• INPUT FOR THIS TASK
#####

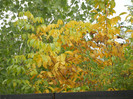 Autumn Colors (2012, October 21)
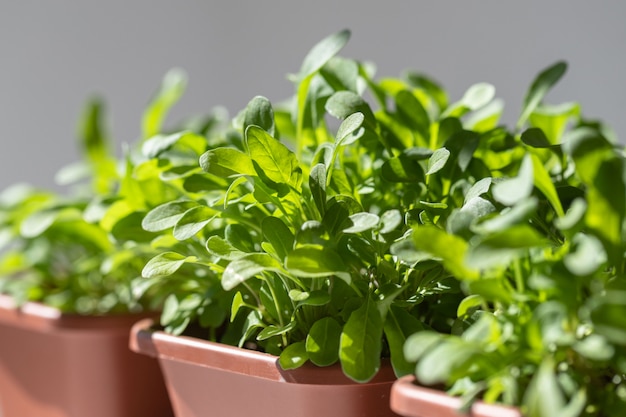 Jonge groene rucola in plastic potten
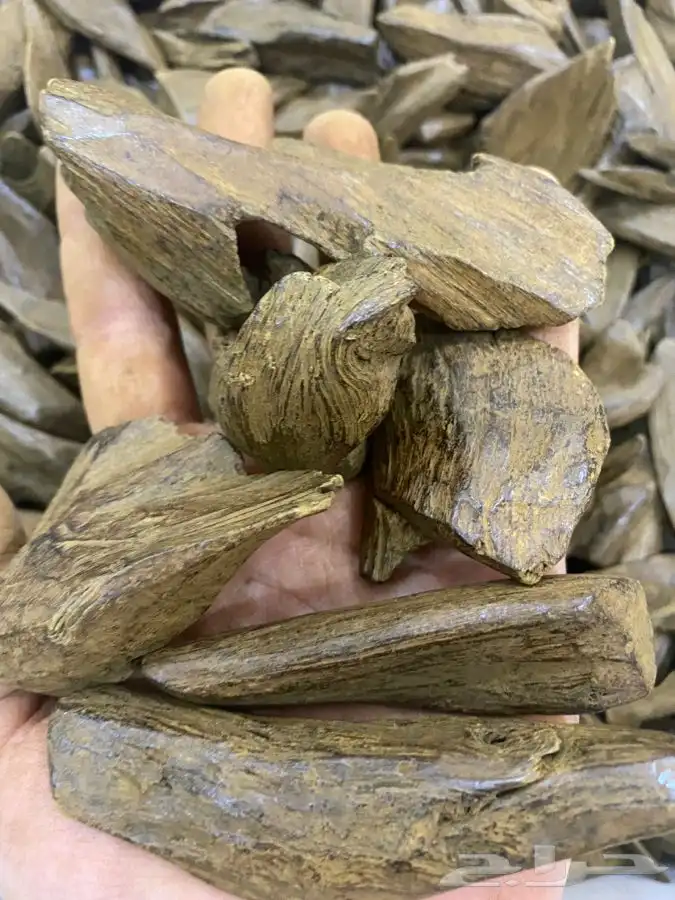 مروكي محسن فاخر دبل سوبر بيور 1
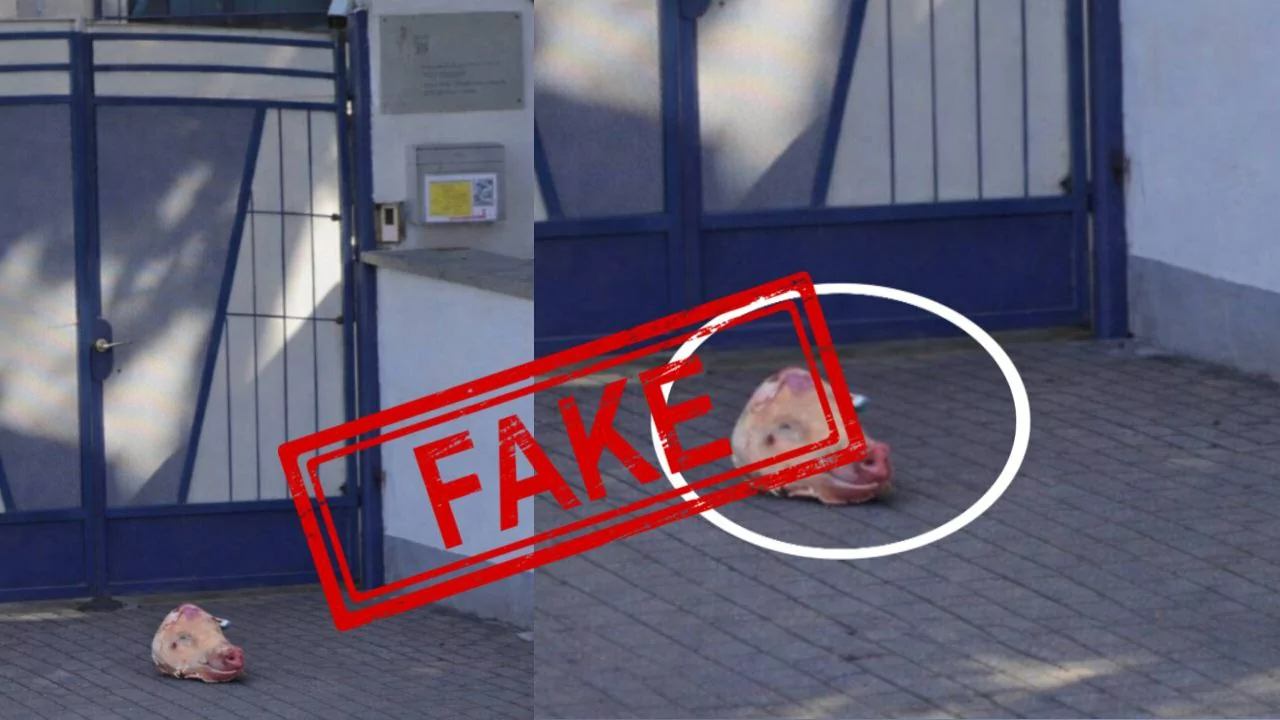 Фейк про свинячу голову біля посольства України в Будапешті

#####

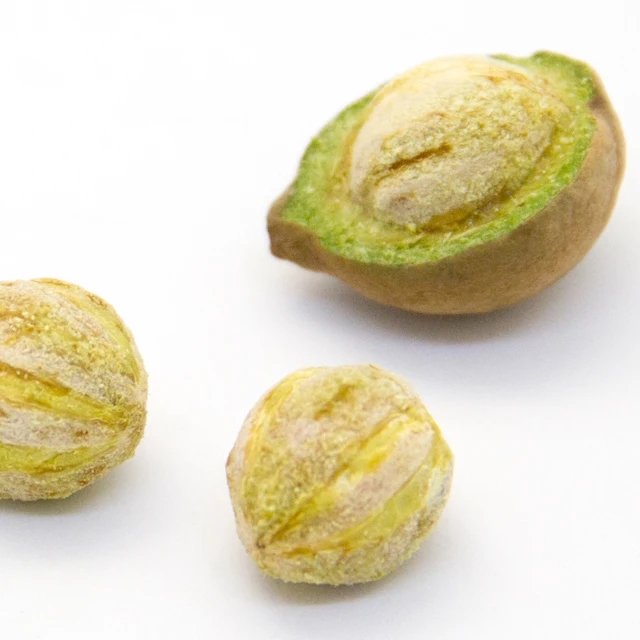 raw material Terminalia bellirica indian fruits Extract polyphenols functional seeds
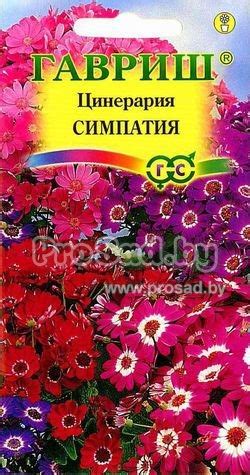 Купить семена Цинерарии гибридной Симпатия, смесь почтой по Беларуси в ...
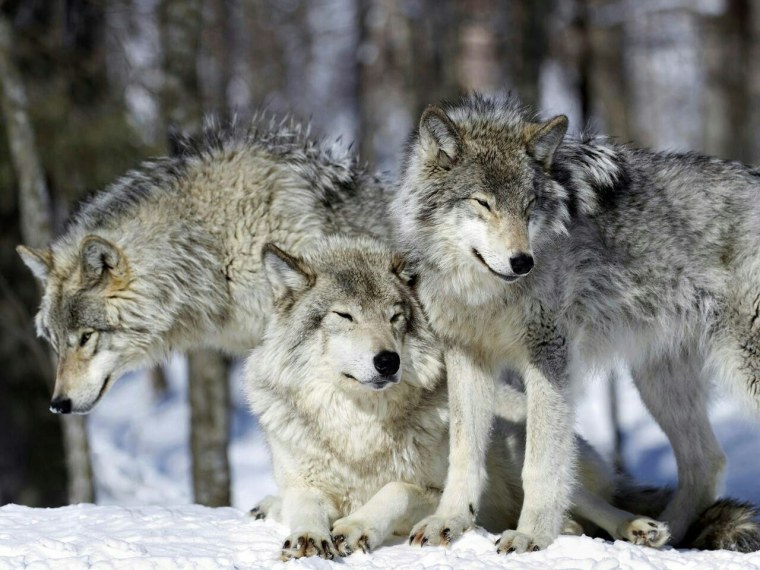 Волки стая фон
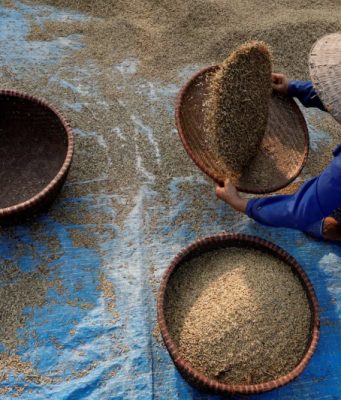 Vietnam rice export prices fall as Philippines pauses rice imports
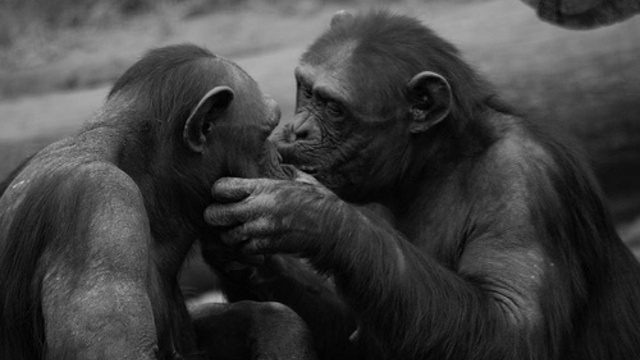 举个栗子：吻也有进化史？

#####

• YOUR GOAL
With the pictures left out, write out exactly the lines above from the one containing "Autumn Colors (2012, October 21)" through the one containing "Фейк про свинячу".

• EXERCISE RESPONSE
 Autumn Colors (2012, October 21)
 Jonge groene rucola in plastic potten
 مروكي محسن فاخر دبل سوبر بيور 1
 Фейк про свинячу голову біля посольства України в Будапешті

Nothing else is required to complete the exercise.